Globe & Mail (cont.)
This is a compelling, heartbreaking and witty book that will stay with you long after you've put it down.
    At the beginning, it is 1995, and Harry Winslow is at the hospital bed of his wife, Lily, when she blurts out a secret that sends Harry on a trip through the past. Most of Empress of Asia is taken up with Harry's musings, his memories, as he thinks back on 1942 and his part in the Second World War.

    But instead of writing it in memoir form, Schroeder sends Harry and the reader right back in time. Harry travels by train from Vernon to Vancouver, B.C., to join the merchant marine. Through many adventures, including several sunken ships, Harry ends up in Singapore just as the Japanese are taking over. In one crazy night, Harry meets Lily Brown and falls head over heels in love. They marry, but are separated within hours. Harry is then taken prisoner and meets Michel Ney, a French man who becomes a key figure in the novel.

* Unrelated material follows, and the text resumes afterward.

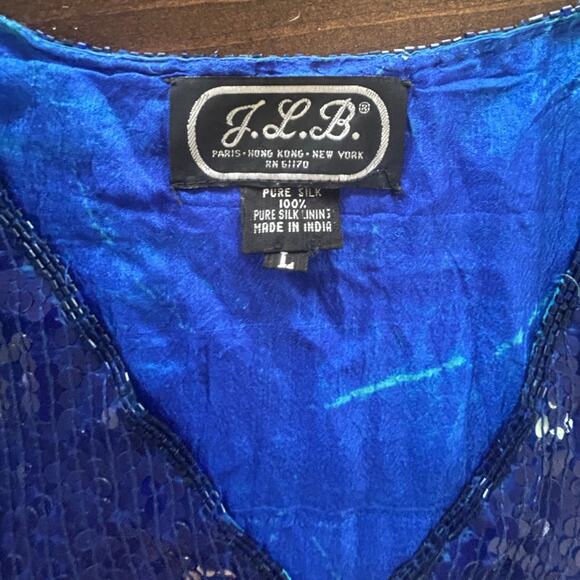 Vintage JLB 100% Silk Sequin Blue Silver Short Sleeve Top Blouse Womens Sz Large - Picture 9 of 10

Michel and Harry narrowly escape the internment camps, but are eventually captured again. At the end of the war, Harry manages to find Lily, and they settle in Vancouver, where they run a car lot until Lily's death.
    The novel then jumps back to 1995, with Harry taking Lily's deathbed advice and travelling to Thailand to look up an old friend and solve the mystery Lily has planted. I can't tell you what happens, but all is revealed in a completely satisfying way. Schroeder is skilled at leaving hints here and there, but never fully giving away the secret. So in the end, the reader is presented with a wonderful, "aha!" moment.     Harry Winslow is a crotchety character when he's old -- and he's crotchety when he's young. His outlook on his life in the war, or in his comfy home in Vancouver, seems about the same. He harbours racist thoughts against the Japanese (with just cause, he thinks, as he muses on his time in the prison camps), and seems to have opinions on just about everything. Harry's character is reminiscent of Hagar Shipley in Margaret Laurence's Stone Angel -- someone slightly angry at just about everything, but with enough will and strength to carry on, if only just to be able to say, "I told you so."

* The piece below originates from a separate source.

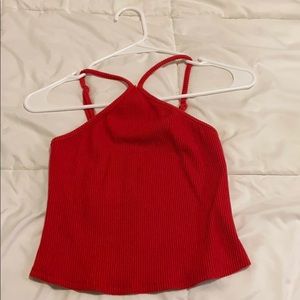 Red halter tank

    Harry is funny and mean and intelligent and dumb and tender. In 1942, he is a strong-willed sailor with a deep love of jazz, then, in the camps, he is light-headed from hunger and has lost his eyesight from beriberi. At the end, he is an old man who wakes without his wife: "I wake up and listen for your breathing, picturing your hair glued to your poor sweaty head, and I can't feel you beside me but plenty of nights when you're bad I end up away on the other side of the bed, so I know to just listen and wait for you to find that breath. But after a couple of seconds I still don't hear you and my heart takes that funny beat. And then I remember everything that's happened. I'm in Bangkok, Thailand."

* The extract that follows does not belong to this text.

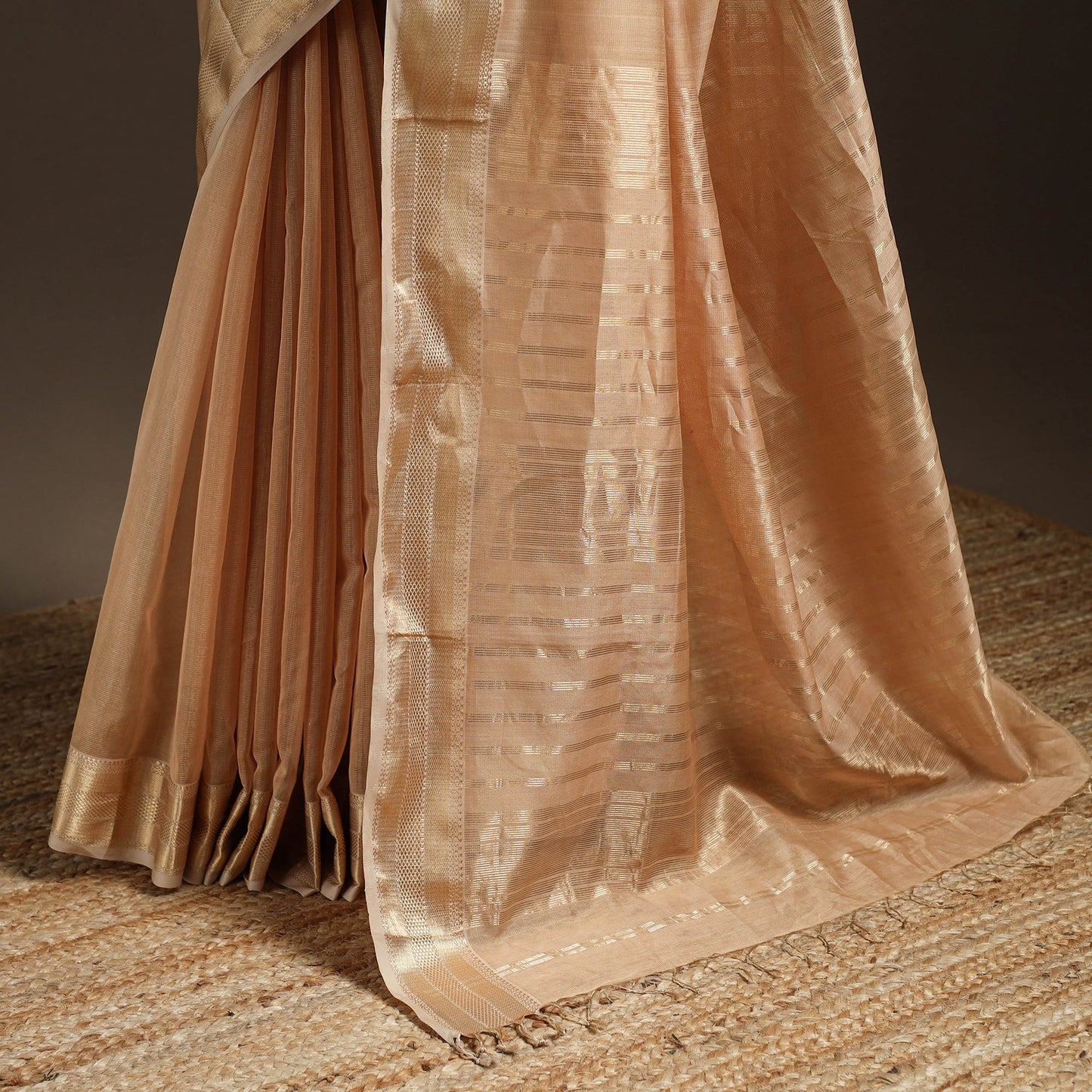 Beige - handloom tissue zari maheshwari saree with border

    Harry's 1995 travels in Thailand, at the end of the book, take on a surreal feel as he stumbles through his past and confronts people he didn't know existed. This is a scattered first-person narrative that is brilliantly written. With dry wit and intense emotional longing, Harry moves the reader around his world, his past, the war and what happened to men and women back then. Memory comes in fragments. Even if it is linear and presented chronologically, memory scatters and moves around with emotion. Schroeder shows us the pain and suffering with the distant eye of an older man looking back, and trying not to remember too clearly. At the end of Empress of Asia, Harry reads a letter that reveals how easily he has been fooled, how easily memories can be shattered, dissected and then rewritten.
    This book is just plain superb. I wish Adam Lewis Schroeder all the success he deserves.